Hep ilgimi çeken bir konu olmuştur, bir dönem millî takımlarda “azınlıklara” mensup kişiler yeralırdı. Lefter Küçükandonyadis (Fenerbahçe), Kostas Kasapoğlu (İstanbulspor), Niko Kovi (Beşiktaş) millî futbol takımımızın kadrosunda değişik dönemlerde yeraldılar. Beşiktaşlı Aleko Sofianidis (Beşiktaş) da ünlü bir futbolcuydu ama millî kadroda yeraldı mı bilemiyorum.

Bu isimlerin en ünlüsü, kuşkusuz Lefter Küçükandonyadis. Lefter, yalnızca olağanüstü futbolculuğuyla değil efendiliği, sportmenliği, çocuksu mahçubiyet ve amatör ruhla profesyonelliği olağanüstü bir biçimde birleştiren kişiliğiyle de gönüllere taht kuran bir adamdı. Ben kendisini hiç tanımadım ve seyretmedim ama ondan o kadar iz var ki Türkiye’de, onunla tanışmasanız da, onu seyretmemiş olsanız da onu “biliyorsunuz”.

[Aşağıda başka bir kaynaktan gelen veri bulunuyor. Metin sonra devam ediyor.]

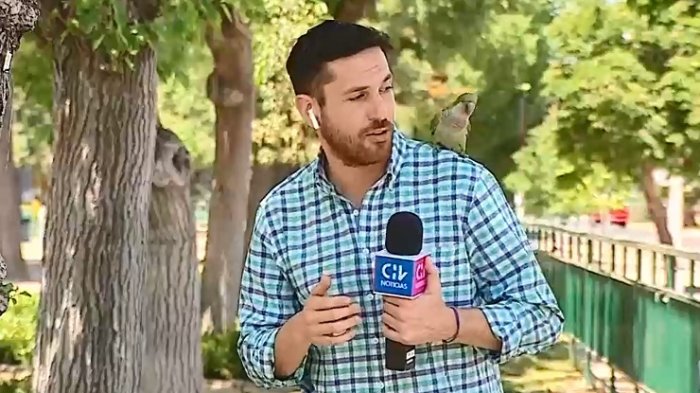 ¡Cuidado con la delincuencia! El insólito robo de un loro a periodista de CHV Noticias en pleno despacho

Onunla ilgili bir anektoda rastladım internet’te… Ne kadar doğrudur, bilemiyorum… Ancak yaklaşımı ilginç ve önemli bulduğumdan sizlerle paylaşmak istedim.

“Milli takımımız İkinci Dünya Savaşı’ndan sonra ilk milli maçını 23 Nisan 1948’de Atina’da Yunanistan ile yapar. 3-1 kazandığımız bu maçta ikinci golümüzü Lefter atar. (İlk gol yine bir Fenerbahçeli Küçük Fikret’ten, üçüncü gol ise Beşiktaşlı Şükrü Gülesin’den gelir.) Takımda çoğunluk Fenerbahçededir ve anımsadığım kadarıyla kadro şöyledir: Cihat Arman (FB-kaptan) – Murat Alyüz (FB), Vedii Tosuncuk (BJK-bizim Nezihi’nin ağabeyi) – Selahattin Torkal (FB), Bülent Eken (GS), Hüseyin Saygun (Vefa) – Fikret Kırcan (FB), Erol Keskin (FB), Ahmet Erol (FB) [Şükrü Gülesin (BJK)], Lefter Küçükandoniadis (FB), Şükrü Gülesin (BJK) [Halit Deringör (FB)].

“Saha kenarına yerleştirilmiş Yunanlı savaş gazileri Lefter’e sürekli küfür etmektedir. Bu yüzden taç ve korner atmaya hiç gitmez. Üç gün sonra İstanbul – Atina karmaları arasında ikinci bir maç oynanır. İstanbul karması milli takım yedeklerinden oluşturulur. İlk devrenin sonlarına doğru Atina karması 2-1 galip durumdadır, tribünde seyirciler marşlar söylemekte ve Lefter’e alaycı göndermeler yapmaktadır. Lefter yöneticilere söyleyerek takıma girmek ister, girer girmez de beraberlik golünü atar. İkinci devrede iki gol daha çıkartır, bir gol de anımsayamadığım başka bir oyuncudan gelince maçı 5-2 kazanırız.

“Yıllar sonra bir röportajda kendisine en heyecanlandığı maçlar sorulunca “ırkıma karşı ulusumu temsil ettiğim Yunanistan maçları” der.”